4.2 The results of fire segmentation

In this experiment, we simulate an indoor fire happening, and the camera to capture the video then have a series of processing. We choose several images in the same scene to do the experiment, pictures ad, the experimental results as shown in Fig. 6.

Video image segmentation results (from left to right is original image, the foreground and the background), the background is almost the same. From the experimental results, these four sets of images can well separate foreground and background in accordance with the proposed algorithm. In Fig. 6a, b, the foreground is smoke. The only difference is the area of the smoke is constantly expanding. Though in (a) and (b), a small portion of background is divided into the foreground, it does not affect the segmentation results. In Fig. 6c, d, where the foreground is smoke and flame, it is easy to see the area of fire and smoke as both are changing from (c) to (d), the flame area was expanded and the smoke area was reduced. In Fig. 6d, the background is similar to the flame. But the flame is divided into the foreground well.

5 Conclusions

This work presents a new color image segmentation algorithm based on color similarity in real-time color image segmentation for cyber physical systems. We firstly determine the dominant color. And then, we use a mathematical model called SIMILATION, which takes the hue and the brightness into account at the same time to calculate the color similarity in the RGB color space. After that, we combine the proposed methods of calculation of the image color components to form a color map. Furthermore, pixels are divided based on color map and the segmentation is completed. Besides, this paper also discuss its application in fire detection and propose a new method in identify fire in video based on these characteristics. First, analyze the characteristics of colors of the fire regions and extract the potential fire regions. Then, analyze its features such as fire flame color, spreading area, the similarity change, and fire smoke. They are very commonly observed in fire; so, that achieves automatic feature extraction. The results were accurate and can be used in real-time analysis. The experimental results show that the proposed method has better robustness for the brightness variations and lower computational complexity in real-time systems. However, there is a lack in this algorithm; for instance, some section belonging to the background may be divided into the foreground region. Therefore, we should use other methods to deal with a certain type of video image for accurate segmentation.

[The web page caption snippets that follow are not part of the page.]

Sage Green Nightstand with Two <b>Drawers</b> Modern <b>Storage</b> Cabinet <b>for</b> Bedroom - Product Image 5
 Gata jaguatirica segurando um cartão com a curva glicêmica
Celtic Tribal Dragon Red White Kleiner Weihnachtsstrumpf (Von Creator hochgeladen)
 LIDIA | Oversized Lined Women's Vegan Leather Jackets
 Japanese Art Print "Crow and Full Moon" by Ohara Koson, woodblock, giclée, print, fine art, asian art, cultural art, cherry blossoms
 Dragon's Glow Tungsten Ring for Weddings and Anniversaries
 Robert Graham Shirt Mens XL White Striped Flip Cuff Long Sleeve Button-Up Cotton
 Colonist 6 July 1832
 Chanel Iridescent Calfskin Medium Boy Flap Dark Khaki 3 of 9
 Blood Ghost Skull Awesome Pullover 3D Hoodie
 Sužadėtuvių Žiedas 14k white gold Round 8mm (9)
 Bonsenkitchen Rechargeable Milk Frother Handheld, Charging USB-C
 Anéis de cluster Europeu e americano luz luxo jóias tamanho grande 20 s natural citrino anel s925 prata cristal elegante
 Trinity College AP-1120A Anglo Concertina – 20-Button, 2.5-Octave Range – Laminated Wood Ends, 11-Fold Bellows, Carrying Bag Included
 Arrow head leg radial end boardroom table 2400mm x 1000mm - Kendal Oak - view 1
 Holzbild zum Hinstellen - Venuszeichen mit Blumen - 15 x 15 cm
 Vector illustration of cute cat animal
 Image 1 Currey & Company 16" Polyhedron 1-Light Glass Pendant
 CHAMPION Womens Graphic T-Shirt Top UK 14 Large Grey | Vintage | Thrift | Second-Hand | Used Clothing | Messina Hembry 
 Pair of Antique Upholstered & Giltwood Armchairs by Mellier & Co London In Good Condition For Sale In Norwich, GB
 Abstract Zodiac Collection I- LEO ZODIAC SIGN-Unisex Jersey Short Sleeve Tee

In this paper, we have described the characteristics of thermal ink and fire, then do some experiments. Although the real-time system has not been coming out, we can use thermal ink characteristics and image processing technology to identify the temperature by the method in this paper and use fire characteristics and video processing technology to identify the fire. It can be applied in food temperature control and tag identification, fire detection, and identification system, etc.